BEGIN Records provided
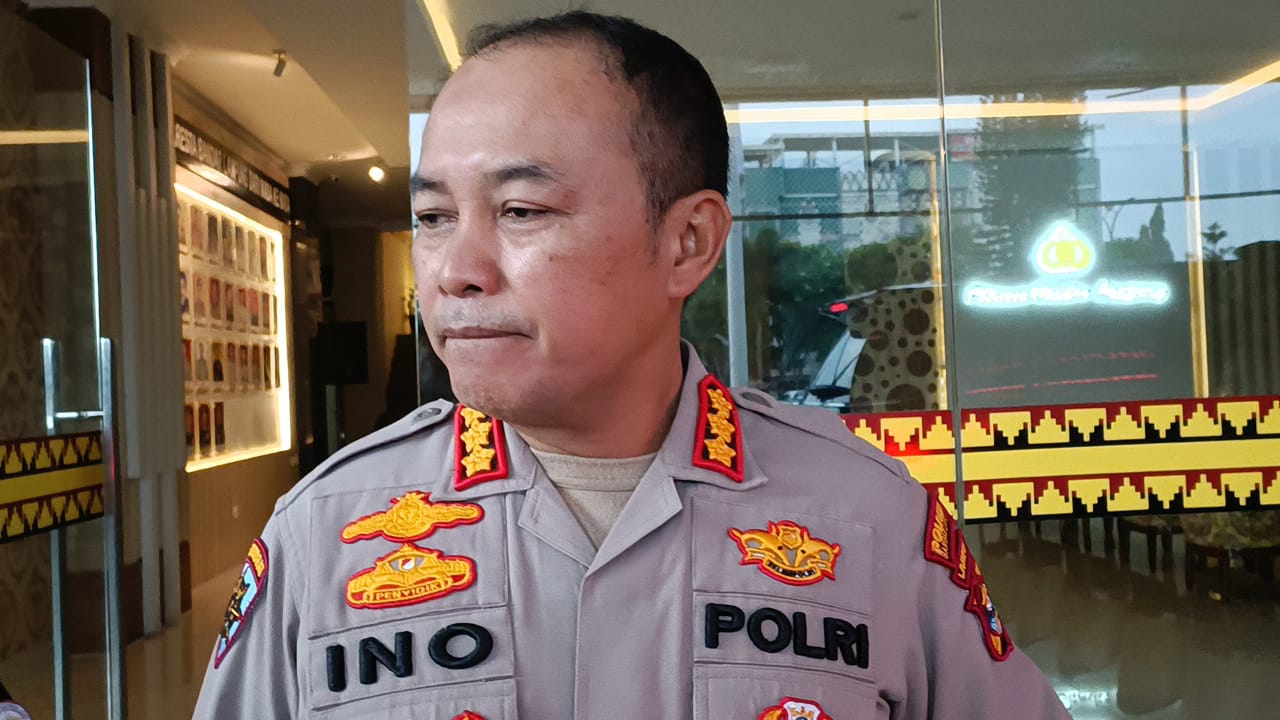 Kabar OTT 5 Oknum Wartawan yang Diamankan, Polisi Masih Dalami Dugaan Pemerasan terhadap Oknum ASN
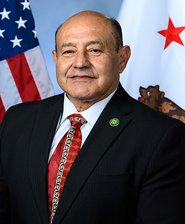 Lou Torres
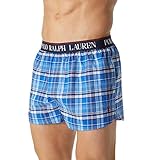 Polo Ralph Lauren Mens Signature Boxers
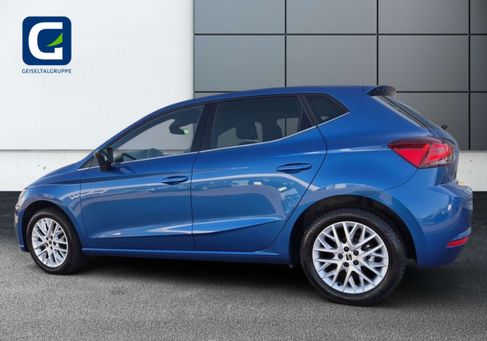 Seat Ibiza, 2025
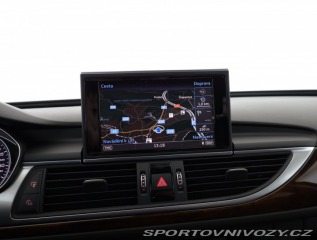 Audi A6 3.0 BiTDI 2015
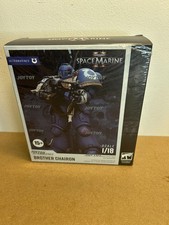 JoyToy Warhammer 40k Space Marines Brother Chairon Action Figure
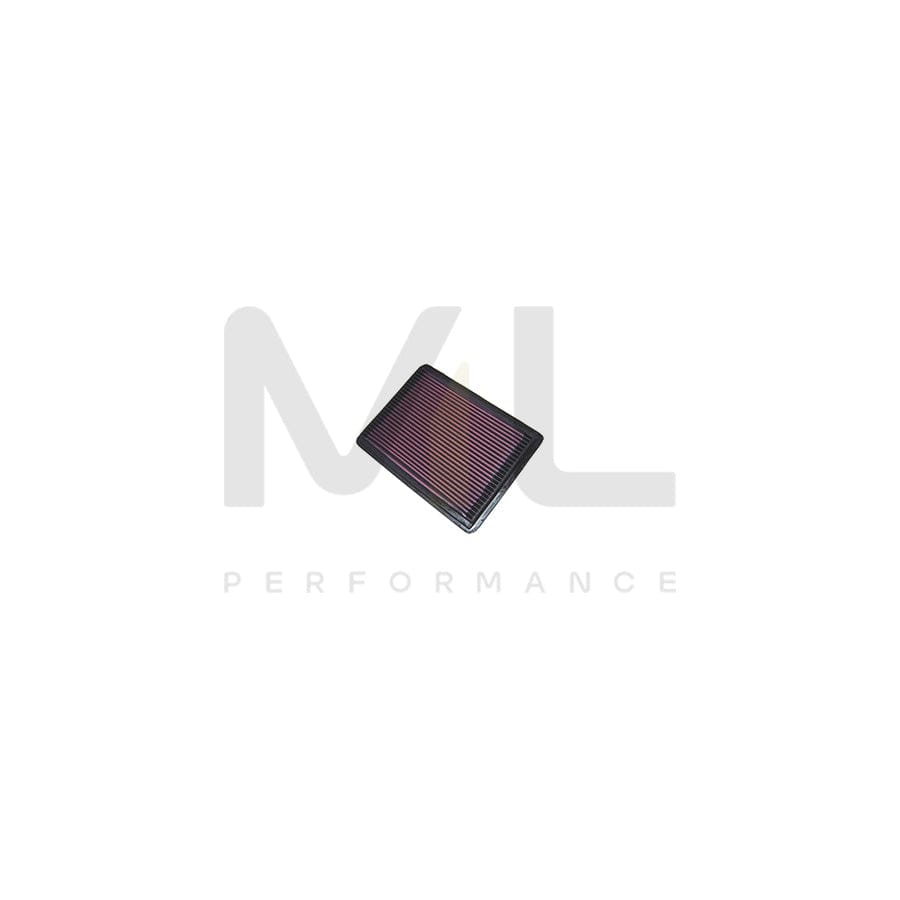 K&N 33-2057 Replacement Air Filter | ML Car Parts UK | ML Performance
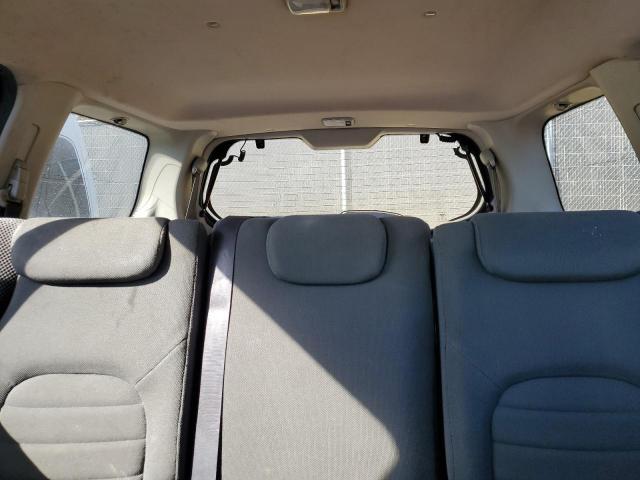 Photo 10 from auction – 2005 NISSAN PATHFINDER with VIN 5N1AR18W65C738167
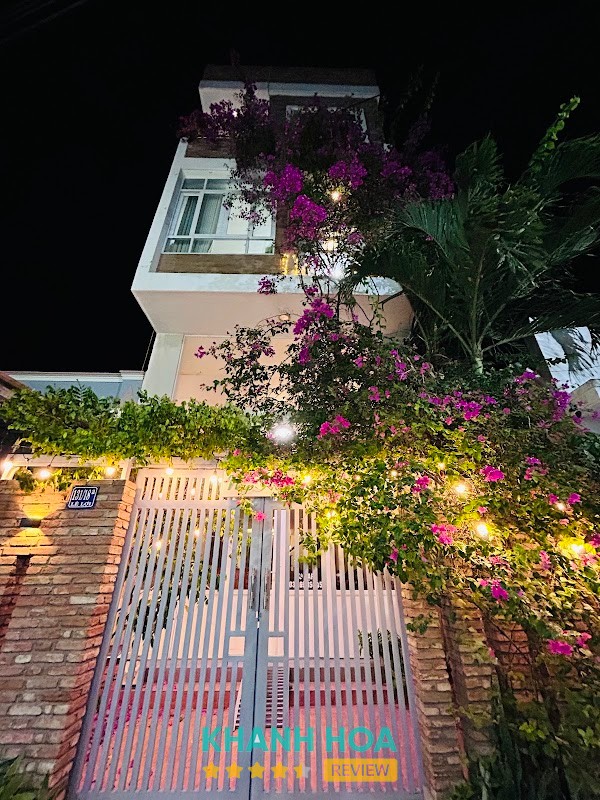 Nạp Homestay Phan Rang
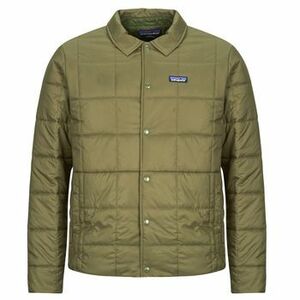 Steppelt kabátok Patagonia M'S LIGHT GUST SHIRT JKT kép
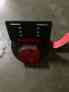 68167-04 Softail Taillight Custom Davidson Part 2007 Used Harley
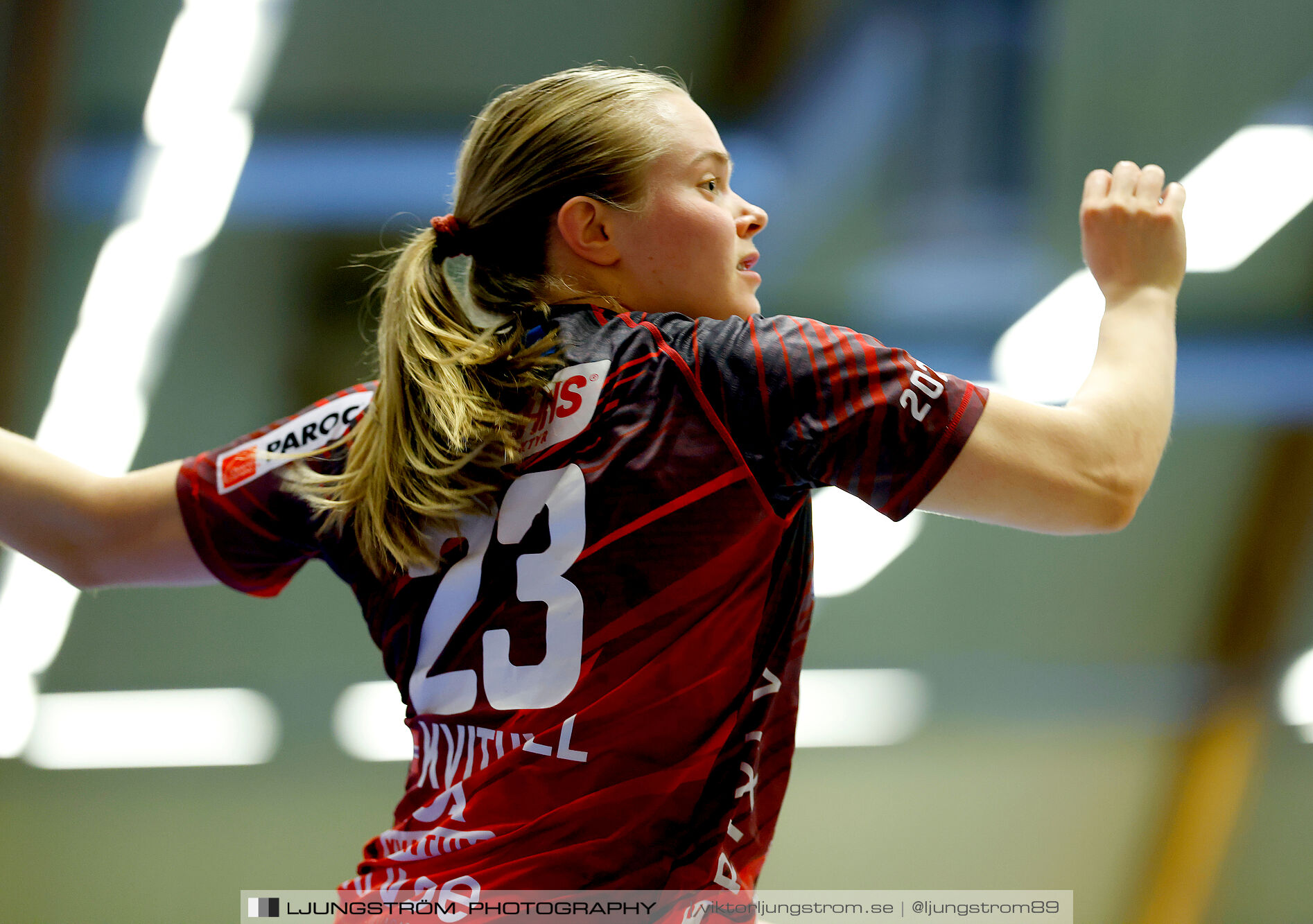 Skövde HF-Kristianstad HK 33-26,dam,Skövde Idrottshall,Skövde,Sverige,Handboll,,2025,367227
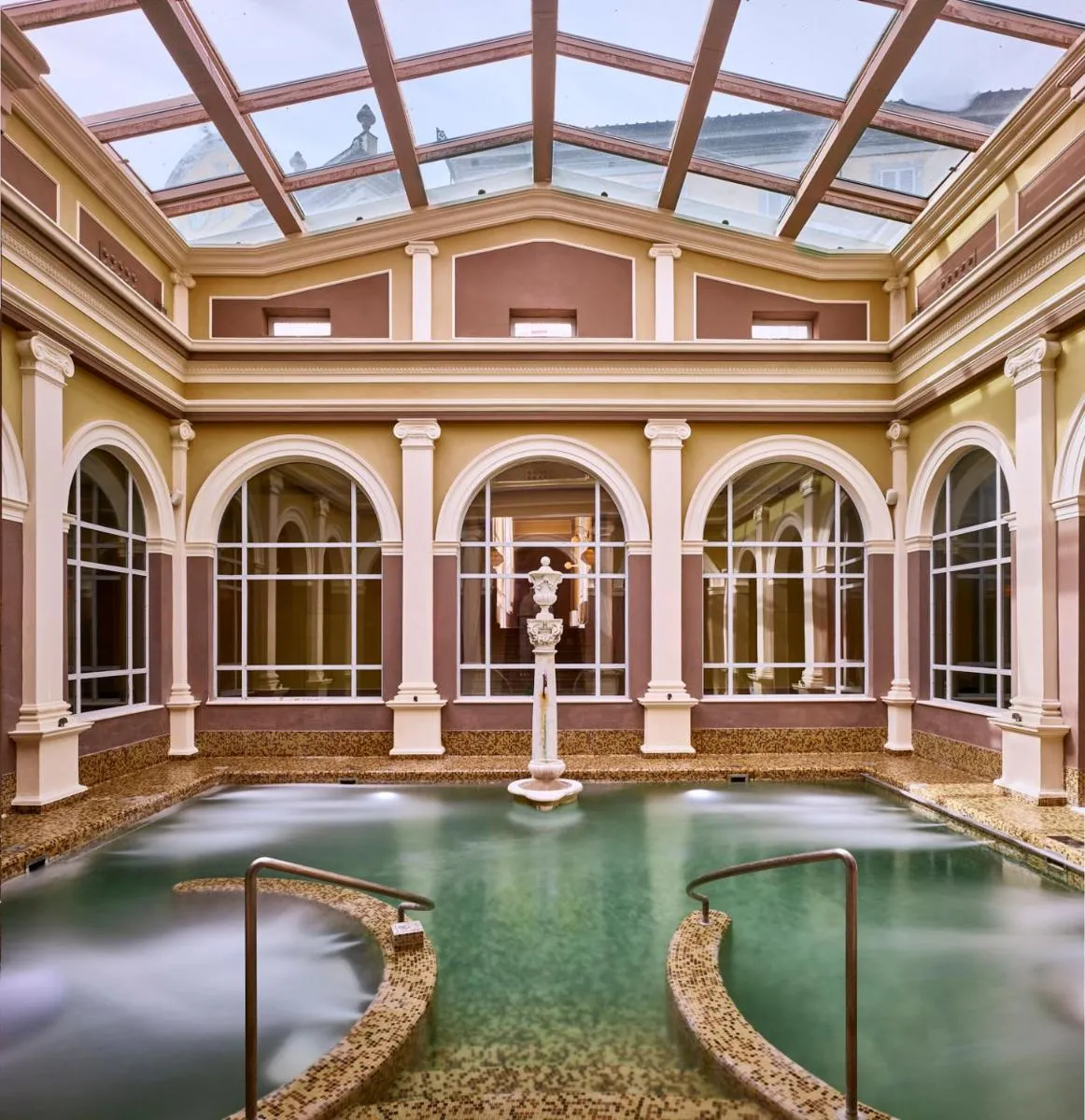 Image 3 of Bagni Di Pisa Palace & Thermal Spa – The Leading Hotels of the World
END Records provided
What is being asked | Copy every entry exactly; drop the pictures.

Result below |
 Kabar OTT 5 Oknum Wartawan yang Diamankan, Polisi Masih Dalami Dugaan Pemerasan terhadap Oknum ASN
 Lou Torres
 Polo Ralph Lauren Mens Signature Boxers
 Seat Ibiza, 2025
 Audi A6 3.0 BiTDI 2015
 JoyToy Warhammer 40k Space Marines Brother Chairon Action Figure
 K&N 33-2057 Replacement Air Filter | ML Car Parts UK | ML Performance
 Photo 10 from auction – 2005 NISSAN PATHFINDER with VIN 5N1AR18W65C738167
 Nạp Homestay Phan Rang
 Steppelt kabátok Patagonia M'S LIGHT GUST SHIRT JKT kép
 68167-04 Softail Taillight Custom Davidson Part 2007 Used Harley
 Skövde HF-Kristianstad HK 33-26,dam,Skövde Idrottshall,Skövde,Sverige,Handboll,,2025,367227
 Image 3 of Bagni Di Pisa Palace & Thermal Spa – The Leading Hotels of the World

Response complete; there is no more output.